Actress Erin Darke, who's set to appear in the film "Summer '03" in September, has made a name for herself by picking exciting, female-led projects. She's been in groundbreaking TV shows like "Dietland," "Good Girls Revolt" and "The Marvelous Mrs. Maisel," each of which tackle female empowerment, body image, equal pay and other issues in a unique way. As part of TODAY Style's "Why I Love My" series, she shares her own journey to body acceptance (despite Hollywood pressure) and why "fat" shouldn't be a bad word.
I love my shoulders, which have occasionally been referred to by strangers as "broad." That's not always what you want to hear as a lady, but I was a swimmer growing up and being a lifeguard was how I supported myself through college. I like to believe that I was good at that because I have these, I guess, masculine, broad shoulders.
Watching the Olympics and seeing swimmers helped me realize, like, "Yeah, that's cool." If I have, I mean, not that body, but anywhere close to that body, I'm going to be happy about it.
I don't think women are discouraged from being athletic, necessarily, but I think there's a very specific type of athleticism. Like, you're supposed to work out to have a Barbie body but you're somehow not supposed to look strong. Whereas, I think muscles on women are so sexy. I work out for the feeling of being strong. I think looking strong is so cool.
I was so excited when I first read the blurb about (my TV show) "Dietland" because I do feel like body image is talked about more than it used to be, but it's still such an issue.
The last few shows I've done, particularly "Good Girls Revolt," have impacted me a lot. We were shooting that series while the election was happening. After the election and the experience of having lived in that time period (the show is set in the late '60s to early '70s) for four months, I realized that, unfortunately, not that much had changed.
I hope that women watch these shows and go easier on both other women and themselves. I think we spend a lot of time beating ourselves up and then a lot of time beating up other women because it makes us feel better about ourselves.
I hope that people just spend more time listening, particularly to other women and the experiences of other women who may be a different race, from a different country or a different shape. It's so easy to get involved in our own bubble of oppression that we forget about the oppression of others. More than anything, working on all of these shows has taught me to be a better listener and, with that, a better ally.
Working on "Dietland," I realized that I don't think I've been a great ally to fat women.

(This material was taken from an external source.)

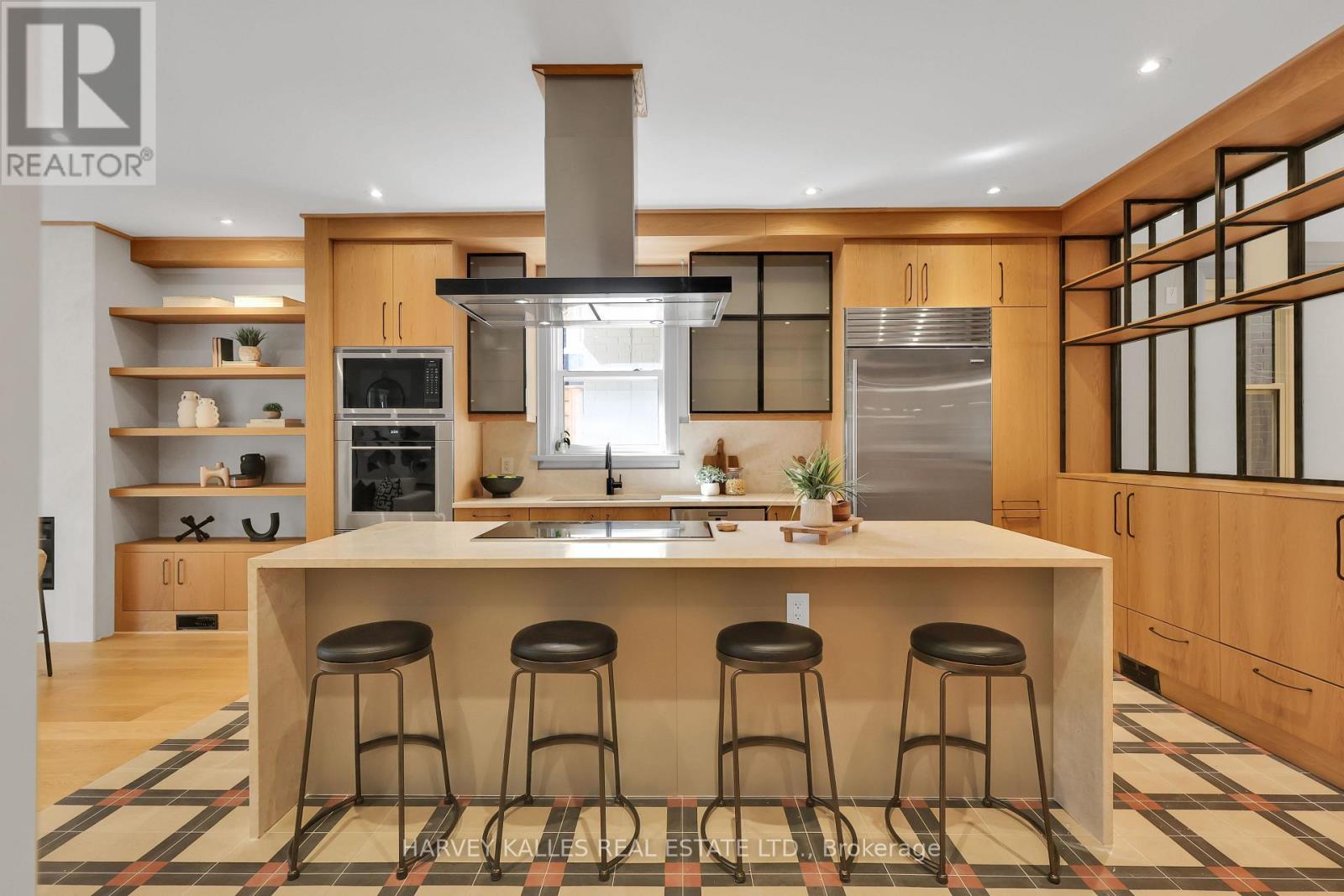 51 Gormley Avenue, Toronto, Ontario  M4V 1Y9 - Photo 14 - C12422410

When I was getting to know (my co-star) Joy (Nash), I found myself resistant to using the word "fat" even though that was how she referred to herself. I had been taught my whole life that that was a bad word.
And then I had a moment where I was, like, "Why? Why is that a bad word? If it's just a factual explanation of how someone looks, why is it a bad word? It's only a bad word if we make it one."

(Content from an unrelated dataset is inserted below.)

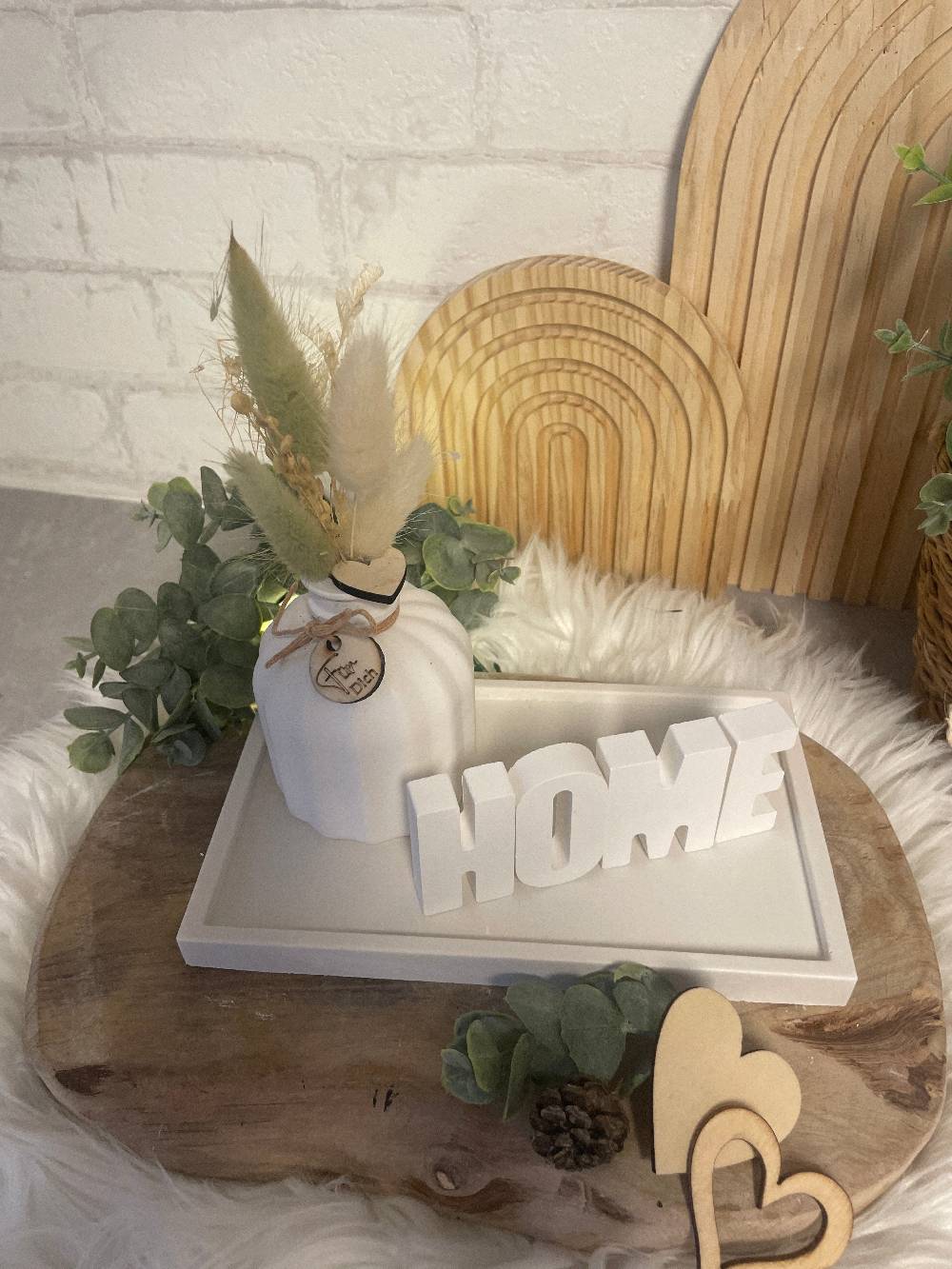 KB Socken Vase mit Trockenblumen auf Tablett mit Schriftzug " Home" Keraflott Formen Wohnakzente, Keramik,Wohndeko, Dekoratives Tablett Meist gekauft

The hardest part of the entertainment industry is not letting rejection get to you. Not taking it personally. And, as a woman, not letting it reflect on your self-worth — especially physically.
I have had experiences where I felt pressure to look a certain way, certainly. I lost about 30 pounds seven or eight years ago after three different people in the industry told me that I needed to lose weight. One of them was very mean and two of them were actually kind people who wanted the best for me. They were trying to say, "I don't agree with this, but the way this industry is, you will work more if you lose weight." And it's sh***y, but I did it and I worked more and it sucks.
I lost weight through dieting. Through, like, crazy dieting. I don't recommend it. It's horrible. I just looked smaller, but not strong. I was smaller but weaker — probably because I'd been eating 500 calories a day for a year.
Now, the thing that makes me feel most confident is working out. Just feeling strong, like being able to do seven push-ups instead of six push-ups. It just makes me feel in touch with my body in a way that maybe I didn't when I was younger.
I like to believe the industry is changing. but it's changing in small baby steps. Really, really small baby steps. I still will have a day where I'm feeling fine about myself and then turn on one movie and every girl in it is a size zero with boobs. It just brings me back to every time I walked into a room and that's what every other person in the audition looked like.
I think the only people who can change the status quo are people who watch things and just having more women in higher positions. I think women see the beauty in other women more than dudes who feel like there's a particular image they're supposed to desire.
As told to TODAY's Emily Sher. This story has been edited and condensed for clarity.